The Everything Everywhere All At Once Scene That Left Jamie Lee Curtis Covered In Bruises

Daniels' film "Everything Everywhere All at Once" has been playing in theaters to great success since its release back in late March, and enthusiasm for it has remained unabated. At last measure, it was studio A24's most financially successful film, and it is the third highest-grossing live-action non-sequel of 2022. Daniels' film stars international superstar Michelle Yeoh as a humorless laundromat owner in trouble with the IRS (represented by Jamie Lee Curtis), on the rocks with her nebbish husband (Ke Huy Quan), and on the precipice of alienating her queer daughter (Stephanie Hsu). When at the IRS office to strike some sort of deal, her husband shifts in personality and reveals he is from another dimension, and that Yeoh must join him to stop a mysterious dimension-hopping supervillain named Jobu Tupaki (also Hsu). Through a series of bizarre actions and meditation, Yeoh finds she can absorb talents from her parallel selves. What follows is a swirling action tilt-a-whirl punctuated by multiple existentialist conversations about nihilism and meaning. It's one of the best films of the year. 

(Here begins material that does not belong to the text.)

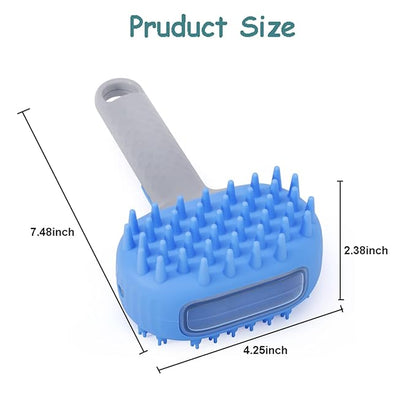 2 in1 Silicone Dog Cat Bath Brush, Pet Shampoo Brush Scrubber Massage Dispenser, Soft Silicone Grooming Shower Brush for Short Long Haired Dogs and Cats Washing (Blue)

In one of the parallel universes that Yeoh visits, human beings evolved to have large, floppy hot dog-like fingers. Yeoh and Curtis were fitted with heavy, outsize silicone hands, and had to lift things with their feet. Additionally, Yeoh's and Curtis' characters were married to one another in the hot dog universe, a contrast to the bulk of the movie wherein they traded punches instead of kisses. 

Contrary to what one might expect, it was the kissing and heavy petting scenes that left Curtis with more injuries than any of the stunt scenes. 

Just go for it

In a recent interview with Variety, Yeoh talked about the hot dog hands and how she inadvertently left bruises on Curtis during their love scene because of them. The scene in question was meant to read as a glorious rush of love and affection to stand apart from the fighting and violence seen throughout the bulk of the film, as well as an antidote to Jobu Tupaki's temptation toward misanthropy and meaninglessness. Love conquers all in the world of "Everything Everywhere," and Yeoh's and Curtis' hot dog hand romance had to reflect that. Says Yeoh:

"The hot dog scene is the most beautiful love story in that universe. We had these hot dog fingers. This is where I believe that filmmaking is a complete collaboration on all the different levels. It's never about one person or two people or whatever it is. It is a true collaboration. And when you work with someone like Jamie, we looked at one another and said, 'Let's go for it.'"

Their mutual enthusiasm agreed upon, Curtis and Yeoh did indeed go for it, but ultimately to an unexpectedly harmful degree. Yeoh recalls seeing Curtis the following day with some battle damage: 

"This is the scene where we're going at it with our hot dog fingers, and those things are like hoses. They're made to fit, but they're made of silicone. The next day she came back and was covered in bruises and I asked her if she had had an accident. She had all these bruises on her thighs from just going for it."

The weight of silicone

It's worth remembering that silicone, a common substance used in practical body effects, is quite heavy. It can weigh, at room temperature, 2.330 g/cm³. Calculating that out, a pound of silicone is about the size of an average bar of soap. Yeoh and Curtis, then, were likely wearing about two or three extra pounds of weight per finger with their enormous hot dog hands. Silicone is soft and fleshy, but its heft appeared to be an issue for Curtis and Yeoh, and pawing about with the prosthesis willy-nilly could easily have left bruises. A viewer can see how cumbersome the hands are, as the hot dog fingers seem largely out of control. 

Curtis may have arrived on set the next day with bruises on her legs, but Yeoh doesn't speak to any injuries she might have sustained, hot dog fingers, fighting or otherwise. Yeoh, however, has an extensive career as an on-screen fighter (she even finds herself in a version of her own life in one of "Everything's" parallel universes), so perhaps had a better time of avoiding attacks from Curtis. 

"Everything Everywhere All at Once" is currently playing in select theaters, and is available for rent for $19.99 on various rental platforms. It will be available on Blu-ray on July 5, 2022.